(Collected data)
[Start of section]
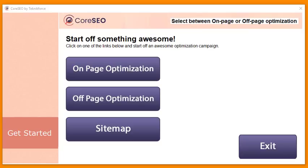Hey everybody, this is your friend in internet marketing Cyril Gupta, and in this quick video I'm going to show you Core SEO and show you how it can help you get better traffic and more visitors on your site, no matter what level you are at today. Core SEO does that for you in three ways.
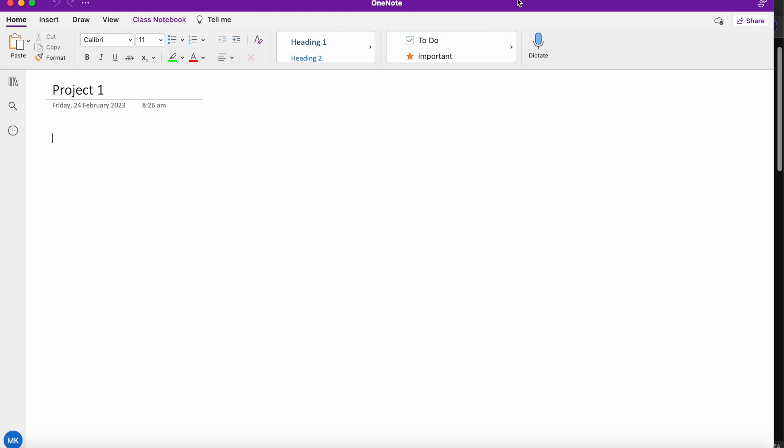Hi Martin here with another video and today I'm going to show you how to add videos to OneNote. We're adding videos from online sources such as YouTube and also how to add your own video files, so let's get started.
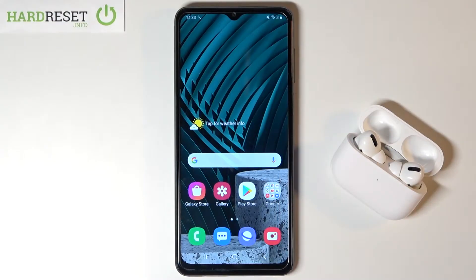Welcome. In front of me I have Samsung Galaxy A12 and today I'll show you how we can activate Google Assistant on the smartphone.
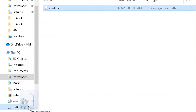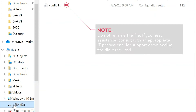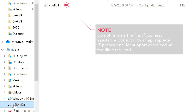Make sure the file has been successfully copied to the USB device. Do not rename the file. If you need assistance, consult with an appropriate IT professional for support downloading the file if required.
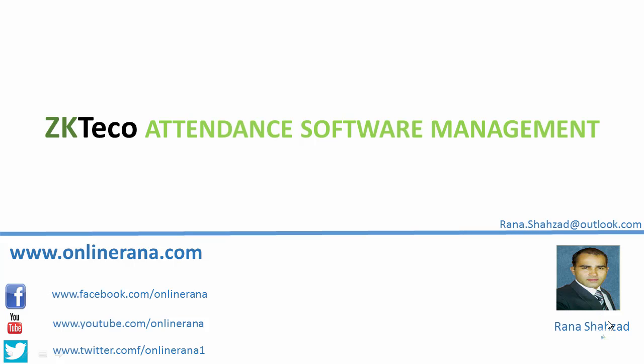Hi guys, it's Rana from onlinerana.com with a new video tutorial on ZKTeco attendance software management system. In a previous video we covered timetables and shifts, and in this video we'll go to scheduling of employees according to that shift.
[End of section]
YOUR ASSIGNMENT
Without including the pictures, return each record above exactly as it stands.

ANSWER TO THIS TASK
Hey everybody, this is your friend in internet marketing Cyril Gupta, and in this quick video I'm going to show you Core SEO and show you how it can help you get better traffic and more visitors on your site, no matter what level you are at today. Core SEO does that for you in three ways.
Hi Martin here with another video and today I'm going to show you how to add videos to OneNote. We're adding videos from online sources such as YouTube and also how to add your own video files, so let's get started.
Welcome. In front of me I have Samsung Galaxy A12 and today I'll show you how we can activate Google Assistant on the smartphone.
Make sure the file has been successfully copied to the USB device. Do not rename the file. If you need assistance, consult with an appropriate IT professional for support downloading the file if required.
Hi guys, it's Rana from onlinerana.com with a new video tutorial on ZKTeco attendance software management system. In a previous video we covered timetables and shifts, and in this video we'll go to scheduling of employees according to that shift.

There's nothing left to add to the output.